Admittedly, public pension liabilities don’t come out of nowhere the way hurricanes seem to – we know exactly where they will strike. In many cases, we know approximately when they’ll strike, too. Yet we still let our elected officials make impossible-to-fulfill promises on our behalf. The rest of us are not so different from those who built beach homes and didn’t buy hurricane or storm surge insurance. We just face a different kind of storm.

Worse, we let our government officials use predictions about future returns that are every bit as unrealistic as calling a 13-inch rain in Houston a 100-year event. And while some of us have called pension officials out, they just keep telling lies – and probably will until we reach the breaking point.

Puerto Rico is a good example. The Commonwealth was already in deep debt before Irma blew in – $123 billion worth of it. There’s simply no way the island can repay such a massive debt. Creditors can fight in the courts, but in the end you can’t squeeze money out of plantains or pineapples. Not enough money, anyway. Now add Irma damages, and the creditors have even less hope of recovering their principal, let alone interest.
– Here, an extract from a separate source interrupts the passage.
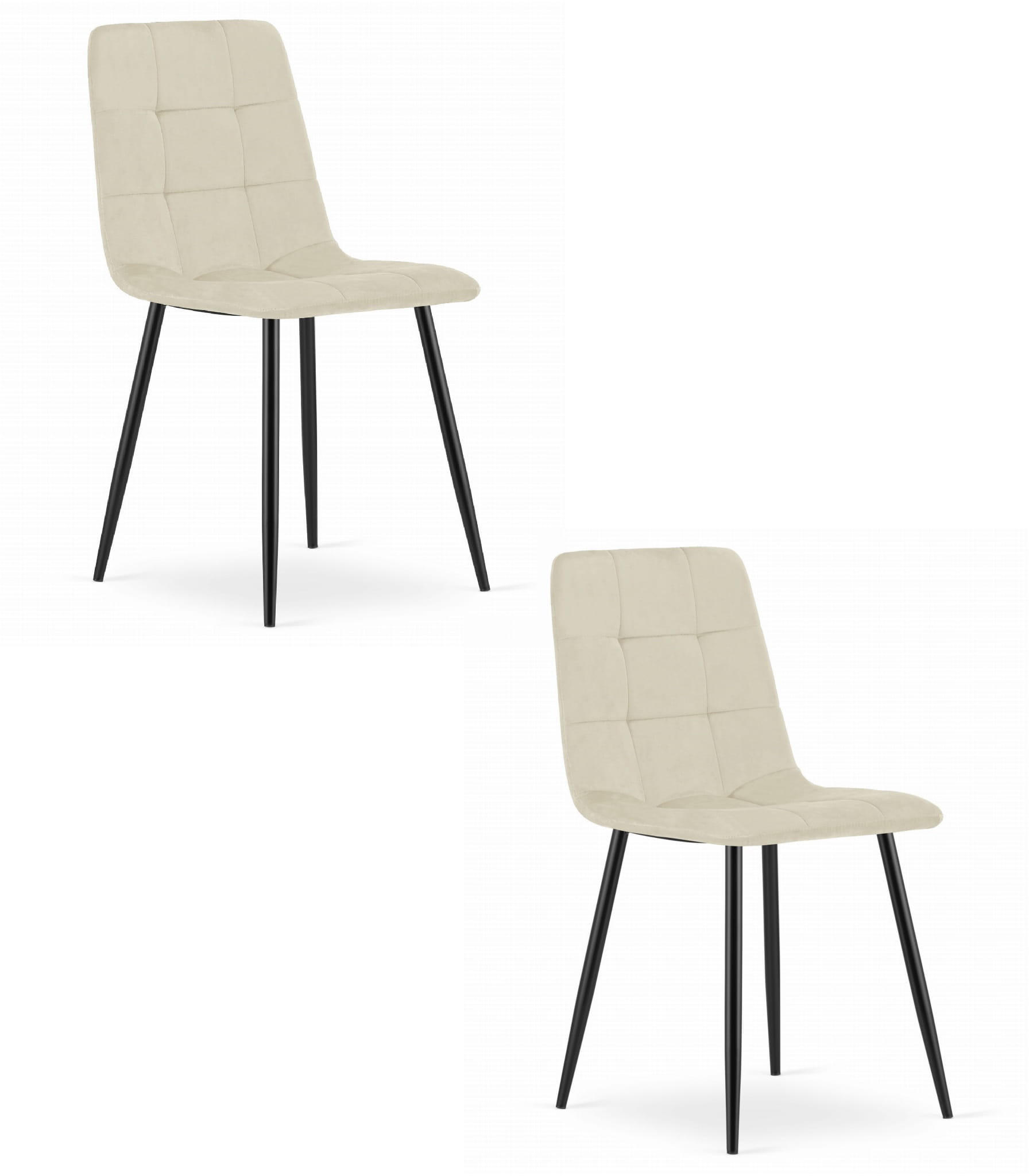 ESSZIMMERSTUHL 2-er Set PYRA beiger Sitz, schwarze Beine - Beige/Schwarz, Textil (45/87/50.5cm) - Valora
Puerto Rico is presently in a new form of bankruptcy that Congress authorized last year. Court proceedings will probably drag on for years, but the final outcome isn’t in doubt. Creditors will get some scraps – at best perhaps $0.30 on the dollar, my sources say – and then move on. We’re going to find out how strong those credit insurance guarantees really are.

“That’s just Puerto Rico,” you may say if you’re a US citizen in one of the 50 states. Be very careful. Your state is probably not so much better off. In 10 years, your state may well be in the same place where Puerto Rico is now. I’d say the odds are better than even.

Are your elected leaders doing anything about this huge issue, or even talking about it? Probably not.

As it stands now, states can’t declare bankruptcy in federal courts. Letting them do so would raises thorny constitutional issues. So maybe we’ll have to call it something else, but it’s going to end the same way. Your state’s public-sector retirees will not get what they were promised, and they won’t take the outcome kindly.

Blood from Turnips

Public sector bankruptcy, up to and including state-level bankruptcy, is fundamentally different from corporate bankruptcy in ways that many people haven’t considered. The pension crisis will likely expose those differences as deadly to creditors and retirees.

Say a corporation goes bankrupt. A court will take all its assets and decide how to divvy them up. The assets are easy to identify: buildings, land, intellectual property, cash, etc. The parties may argue over their value, but everyone knows what the assets are. They won’t walk away.